[Short web captions]

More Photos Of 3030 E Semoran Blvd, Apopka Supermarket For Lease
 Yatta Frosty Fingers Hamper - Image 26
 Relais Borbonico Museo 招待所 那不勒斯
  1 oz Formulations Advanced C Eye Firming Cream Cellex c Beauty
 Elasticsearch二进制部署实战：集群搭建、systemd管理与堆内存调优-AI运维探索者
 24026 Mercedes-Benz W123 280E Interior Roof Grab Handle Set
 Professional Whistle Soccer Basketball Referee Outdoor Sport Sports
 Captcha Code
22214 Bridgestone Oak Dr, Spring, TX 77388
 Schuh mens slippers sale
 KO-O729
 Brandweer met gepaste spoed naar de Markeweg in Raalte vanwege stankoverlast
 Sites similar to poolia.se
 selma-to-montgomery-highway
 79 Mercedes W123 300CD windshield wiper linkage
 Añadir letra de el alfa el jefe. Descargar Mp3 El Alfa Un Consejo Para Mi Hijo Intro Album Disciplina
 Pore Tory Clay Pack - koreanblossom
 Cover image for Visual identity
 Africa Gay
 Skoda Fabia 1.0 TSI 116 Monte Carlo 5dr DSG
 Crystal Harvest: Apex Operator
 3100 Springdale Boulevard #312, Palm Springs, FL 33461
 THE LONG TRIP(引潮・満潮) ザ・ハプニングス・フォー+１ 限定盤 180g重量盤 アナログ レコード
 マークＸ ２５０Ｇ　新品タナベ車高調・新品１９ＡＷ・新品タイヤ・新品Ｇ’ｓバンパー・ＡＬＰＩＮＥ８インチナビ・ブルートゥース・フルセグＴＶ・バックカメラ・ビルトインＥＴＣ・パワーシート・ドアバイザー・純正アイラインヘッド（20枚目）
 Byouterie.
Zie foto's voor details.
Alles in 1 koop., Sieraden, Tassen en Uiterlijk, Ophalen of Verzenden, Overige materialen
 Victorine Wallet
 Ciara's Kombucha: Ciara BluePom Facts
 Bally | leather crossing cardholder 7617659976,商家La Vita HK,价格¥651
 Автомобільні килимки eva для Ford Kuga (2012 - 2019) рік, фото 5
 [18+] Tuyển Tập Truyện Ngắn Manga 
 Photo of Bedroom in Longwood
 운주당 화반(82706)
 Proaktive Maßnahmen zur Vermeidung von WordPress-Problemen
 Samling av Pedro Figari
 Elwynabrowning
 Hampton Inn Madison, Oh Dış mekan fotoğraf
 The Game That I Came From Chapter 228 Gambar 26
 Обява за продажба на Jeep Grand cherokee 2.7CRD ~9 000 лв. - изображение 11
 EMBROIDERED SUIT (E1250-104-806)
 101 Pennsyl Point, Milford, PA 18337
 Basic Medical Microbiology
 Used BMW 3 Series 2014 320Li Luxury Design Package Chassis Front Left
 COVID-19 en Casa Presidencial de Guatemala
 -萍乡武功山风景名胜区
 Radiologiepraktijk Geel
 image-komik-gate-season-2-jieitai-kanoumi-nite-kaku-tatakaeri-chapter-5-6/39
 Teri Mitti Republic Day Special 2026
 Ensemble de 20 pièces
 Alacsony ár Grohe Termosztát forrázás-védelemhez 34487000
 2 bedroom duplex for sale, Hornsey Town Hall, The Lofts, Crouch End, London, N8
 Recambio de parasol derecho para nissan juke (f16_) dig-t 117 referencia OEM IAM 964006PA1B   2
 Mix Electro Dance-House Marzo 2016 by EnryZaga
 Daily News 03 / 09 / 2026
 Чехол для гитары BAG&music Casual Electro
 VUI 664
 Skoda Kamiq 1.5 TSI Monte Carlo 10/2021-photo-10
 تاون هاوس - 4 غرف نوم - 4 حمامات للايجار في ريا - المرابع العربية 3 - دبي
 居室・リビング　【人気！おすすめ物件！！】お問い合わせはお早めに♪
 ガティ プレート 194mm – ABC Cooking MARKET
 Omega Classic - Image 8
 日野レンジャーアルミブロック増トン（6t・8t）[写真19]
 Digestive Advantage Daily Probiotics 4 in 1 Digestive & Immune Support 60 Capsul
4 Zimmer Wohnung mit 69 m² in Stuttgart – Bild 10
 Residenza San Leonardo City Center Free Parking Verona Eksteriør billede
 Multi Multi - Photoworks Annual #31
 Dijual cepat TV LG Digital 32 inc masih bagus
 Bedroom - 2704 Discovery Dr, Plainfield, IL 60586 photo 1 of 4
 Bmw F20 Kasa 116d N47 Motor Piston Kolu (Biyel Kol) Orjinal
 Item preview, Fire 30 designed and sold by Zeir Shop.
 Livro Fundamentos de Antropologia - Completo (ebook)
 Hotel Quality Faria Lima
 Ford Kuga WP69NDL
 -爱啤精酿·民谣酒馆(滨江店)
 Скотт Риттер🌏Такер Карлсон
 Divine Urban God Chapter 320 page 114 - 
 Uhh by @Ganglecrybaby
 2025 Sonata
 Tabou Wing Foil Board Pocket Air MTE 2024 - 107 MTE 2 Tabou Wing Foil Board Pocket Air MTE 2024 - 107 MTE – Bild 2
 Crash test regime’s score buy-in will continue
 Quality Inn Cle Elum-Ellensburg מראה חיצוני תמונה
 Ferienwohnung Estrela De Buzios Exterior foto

— TASK PROMPT —
Using the records above, copy word for word the line with "Crystal Harvest: Apex Operator", the line with "2 bedroom duplex", and every line between them.

— TASK OUTPUT —
 Crystal Harvest: Apex Operator
 3100 Springdale Boulevard #312, Palm Springs, FL 33461
 THE LONG TRIP(引潮・満潮) ザ・ハプニングス・フォー+１ 限定盤 180g重量盤 アナログ レコード
 マークＸ ２５０Ｇ　新品タナベ車高調・新品１９ＡＷ・新品タイヤ・新品Ｇ’ｓバンパー・ＡＬＰＩＮＥ８インチナビ・ブルートゥース・フルセグＴＶ・バックカメラ・ビルトインＥＴＣ・パワーシート・ドアバイザー・純正アイラインヘッド（20枚目）
 Byouterie.
Zie foto's voor details.
Alles in 1 koop., Sieraden, Tassen en Uiterlijk, Ophalen of Verzenden, Overige materialen
 Victorine Wallet
 Ciara's Kombucha: Ciara BluePom Facts
 Bally | leather crossing cardholder 7617659976,商家La Vita HK,价格¥651
 Автомобільні килимки eva для Ford Kuga (2012 - 2019) рік, фото 5
 [18+] Tuyển Tập Truyện Ngắn Manga 
 Photo of Bedroom in Longwood
 운주당 화반(82706)
 Proaktive Maßnahmen zur Vermeidung von WordPress-Problemen
 Samling av Pedro Figari
 Elwynabrowning
 Hampton Inn Madison, Oh Dış mekan fotoğraf
 The Game That I Came From Chapter 228 Gambar 26
 Обява за продажба на Jeep Grand cherokee 2.7CRD ~9 000 лв. - изображение 11
 EMBROIDERED SUIT (E1250-104-806)
 101 Pennsyl Point, Milford, PA 18337
 Basic Medical Microbiology
 Used BMW 3 Series 2014 320Li Luxury Design Package Chassis Front Left
 COVID-19 en Casa Presidencial de Guatemala
 -萍乡武功山风景名胜区
 Radiologiepraktijk Geel
 image-komik-gate-season-2-jieitai-kanoumi-nite-kaku-tatakaeri-chapter-5-6/39
 Teri Mitti Republic Day Special 2026
 Ensemble de 20 pièces
 Alacsony ár Grohe Termosztát forrázás-védelemhez 34487000
 2 bedroom duplex for sale, Hornsey Town Hall, The Lofts, Crouch End, London, N8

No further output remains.